Assigned task - In the data below, begin at the line with "Chrysanthie pornographic model pics" and stop after the line with "istra, rovinj, kuća"; output those lines exactly and no pictures.

Supplied records -

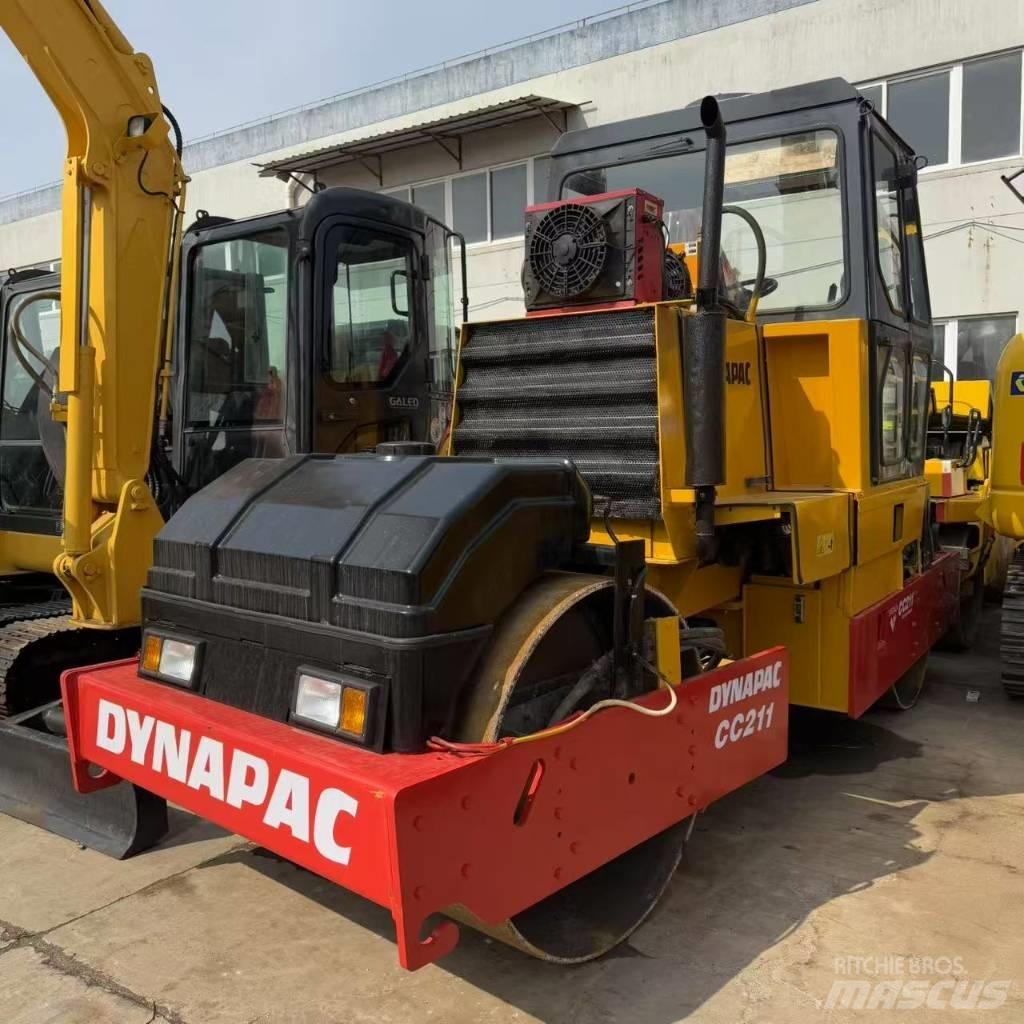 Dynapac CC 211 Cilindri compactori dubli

--

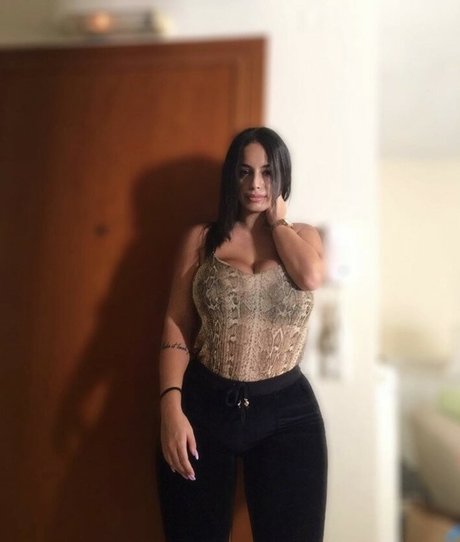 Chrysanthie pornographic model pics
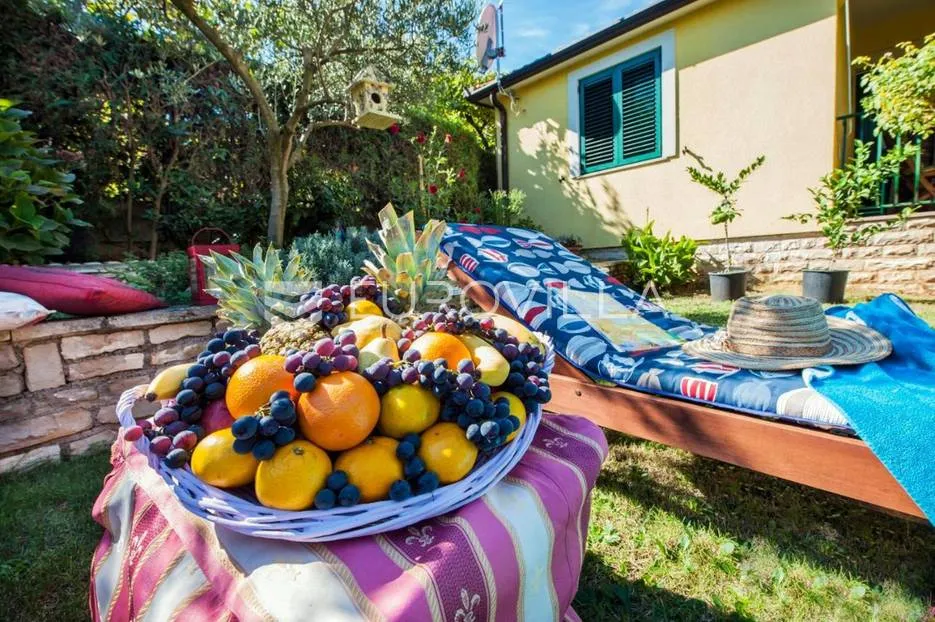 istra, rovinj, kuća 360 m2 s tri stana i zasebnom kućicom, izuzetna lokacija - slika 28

* * *

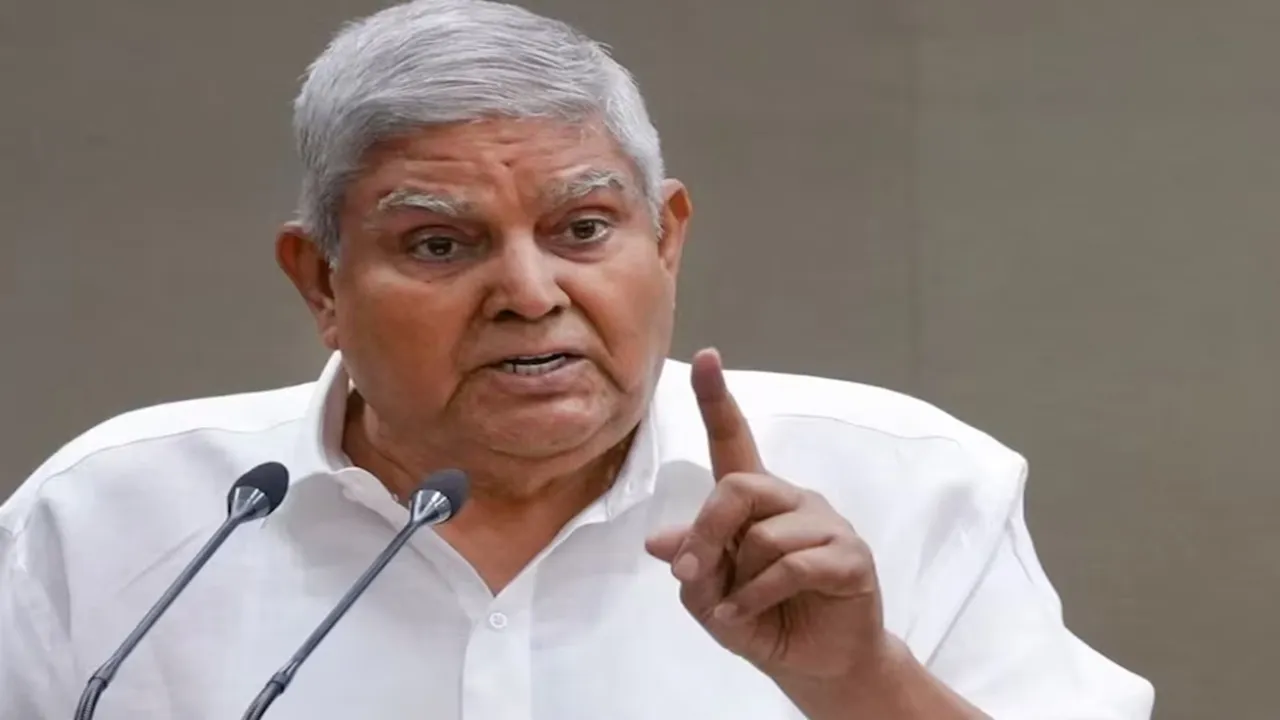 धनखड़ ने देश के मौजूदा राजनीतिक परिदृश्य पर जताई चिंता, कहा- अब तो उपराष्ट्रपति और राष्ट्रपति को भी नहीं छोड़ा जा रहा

Answer section -
 Chrysanthie pornographic model pics
 istra, rovinj, kuća 360 m2 s tri stana i zasebnom kućicom, izuzetna lokacija - slika 28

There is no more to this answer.